If the allegations are true and supported by documentary and other evidence, why wait for the Presidential Commission? The authorities can initiate criminal action through a complaint to the appropriate Police Division and bring him to justice. It would have been ethical if State Minister Abeywardene refrained from making these allegations through the media as the subject of Central Bank does not come within the purview of his official position and the charges are yet not known to be properly ascertained or proved.
Not a fraud
Even in the COPE report, though its final recommendations included legal proceedings against Mahendran, careful study of the entire report does not indicate that the case against former Governor is firmly established and it was more of a finding on possible losses resulting from abrupt changes in procedure rather than any fraudulent activity. The alleged loss estimated by the Auditor General was also questioned because he based his calculations on the wrong premise of direct placements whereas the recommended legal procedure was Public Auction.
Fraud as everyone knows should have five elements, namely, a false statement of a material fact, knowledge on the part of the perpetrator that the representation or statement is untrue, intent on the part of the perpetrator to deceive the alleged victim, justifiable reliance by the alleged victim and injury (legal) to the victim. It was not possible for COPE to determine who the perpetrator (former Governor, Perpetual Treasuries or CBSL officials?) is and who the victim (Central Bank, Government or other person?) is by perusal of evidence placed before it.

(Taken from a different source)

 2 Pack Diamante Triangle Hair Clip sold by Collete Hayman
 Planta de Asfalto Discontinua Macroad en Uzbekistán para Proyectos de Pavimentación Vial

There is no apparent person or persons who made false representations at the bond auction in question. Therefore it is not right for anyone to term the alleged bond auction as a fraud unless it is determined by the Attorney General after careful and deep study of the entire process and scrutiny of the evidence submitted. It is also not correct to define the said bond issue as a scam (fraudulent scheme for obtaining money, like the pyramid scheme).
The COPE Chairman, JVP and Joint Opposition Parliamentarians and commentators in the media defined the bond issue in question as a fraud or a scam. Prof. G.L. Peiris recently stated that Attorney General has proffered the opinion that the findings in the COPE report cannot be pursued as a criminal case but it can only be taken up in courts as a civil matter. If this is true, then the Attorney General may have determined that the bond issue cannot be classified as a fraud.
Perpetual Treasuries
In the case of Perpetual Treasuries too, it appears that the Central Bank is somewhat helpless because they may have engaged in their trade within the parameters prescribed and the Central Bank had only curtailed their activities without cancelling their Primary Dealership license. The exorbitant profits allegedly earned by the company may need to be investigated but nothing apparently is being done.
The other allegation of Perpetual Treasuries engaging in bond dealings higher in proportion than the others because of the connection of Aloysius to the former Governor which may amount to insider trading, a serious offence, was not even hinted at COPE proceedings and no evidence in this regard was submitted. Such insider trading could have taken place with the connivance of other Central Bankers instead of Mahendran but such allegations were also not made.
In conclusion, I must say one can only see the truth when the findings of the Presidential Commission on the bond issue of 27 February 2015 are one day published, hoping it would be sooner than later. So, in the meantime, it is not fair to go on beating Mahendran as an unscrupulous individual without the facts being established and proved.